Overloading of an easement is a concept that has to do with an attempt to grant the benefit of an existing easement to other land, which did not previously enjoy the right. The overbursening of an easement relates to an attempt to expand the use of the easement as to the same property but for different or expanded purposes. Apportionment of an easement involves neither the overburdening nor the overloading of an easement, but rather is the acceptable practice of "divvying up" of easement rights enjoyed by a parcel to and among the various constituent parts thereof when that parcel is subdivided into smaller portions.

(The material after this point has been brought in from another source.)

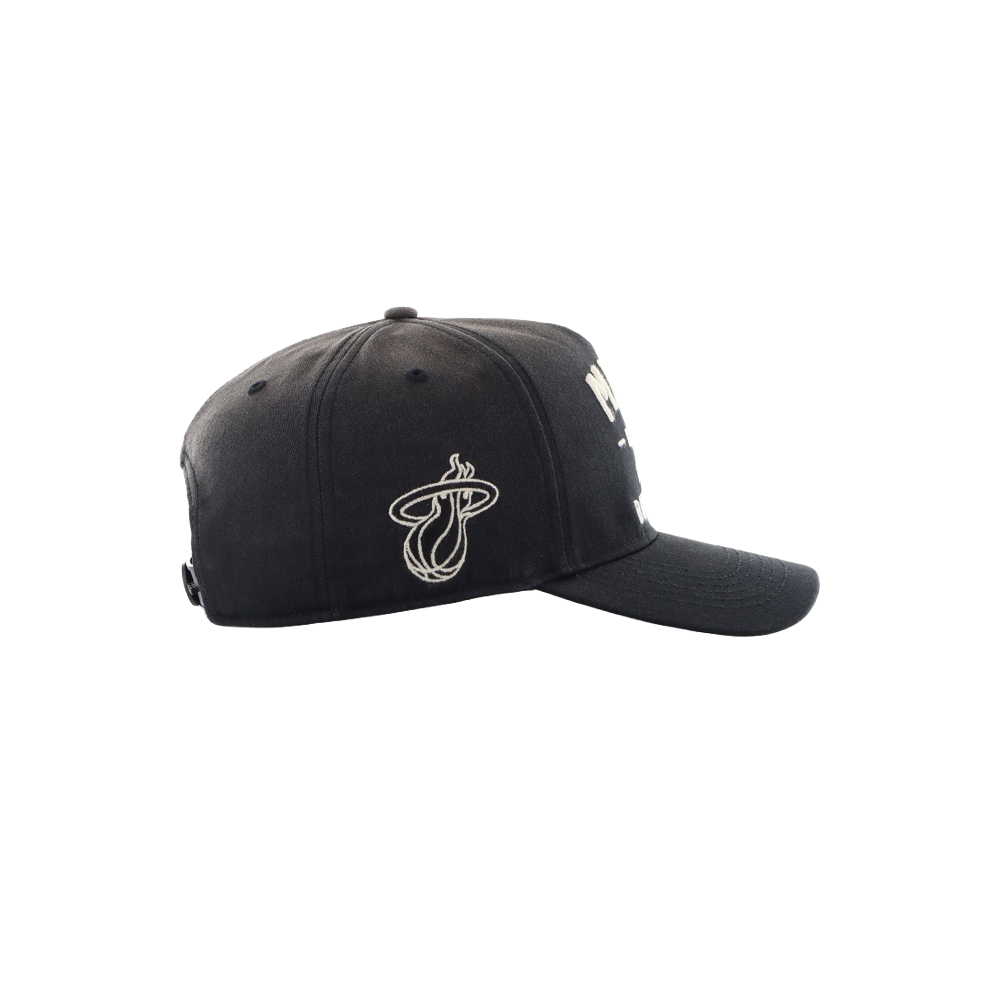 '47 Brand Miami HEAT Dusted Laramie Hitch Snapback UNISEXCAPS TWINS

Overburdening and overloading of an easement are generally unacceptable because the servient property (the land over which the easement runs) is thereby subjected to a greater burden than was originally contemplated when the easement was initially granted. That is, granting rights to adjacent property in addition to the dominant estate (the land which enjoys the easement) would involve the overloading of an easement, because now the servient property would be used to service more land than was originally anticipated. But if that is true, how is it that breaking up the dominant estate into many lots is simply considered an acceptable apportionment of existing rights? Both would result in an expanded use of the easement, but overloading would not be permitted while the reapportionment would. How is this reconciled? This is addressed in the Restatement of the Law of Property, Volume V, Servitudes:
The burden upon a servient tenement frequently will not be greatly increased by permitting an easement appurtenant to attach to each of the parts into which the dominant tenement may be subdivided. Though some increase in burden may result from the fact that the number of users is increased by the subdivision, the extent of the use is still measured by the needs of the land that constituted the original dominant teniment. Moreover, dominant tenements are ordinarily divisible and their division is so common that it is assumed that the possibility of their division is contemplated in their creation. Hence, unless forbidden by the manner or terms of its creation, the benefit of an easement appurtenant accrues upon the subdivision of a dominant tenement to the benefit of each of the parts into which it is subdivided.
But there is a presumption that an easement that does not specifically provide otherwise is nonexclusive. "[E]xclusive easements should be clearly expressed." Butler v. Haley Greysone Corp., 352 Mass. 252, 224 N.E.2d 688 (1967). The significance of this, at least in relation to easements in gross, is explored in Restatement of Law, Property-Servitudes, §493, which states:
A nonexclusive easement in gross is one which does not give, as against the owner of the servient tenement and others who may be privileged under him, the sole privilege of making the use authorized by the easement. In the case of such an easement the owner and possessor of the servient tenement has not only the privilege himself to make the use authorized by the easement, but he retains the power to create like privileges in others. The apportionability of the easement by its owner would be inconsistent with such a power in the owner and possessor of the servient tenement. Because of this, the apportionability of the easement will not be assumed in the absence of a clear indication to the contrary in the manner or terms of its creation. (Emphasis added.)
The overburdening of an easement does not involve expanding easement rights for the benefit of additional land, or the distribution of easement rights servicing land to all of the sub-portions of that land; overburdening involves expanding the use of an easement with respect to the same land but for additional or different purposes.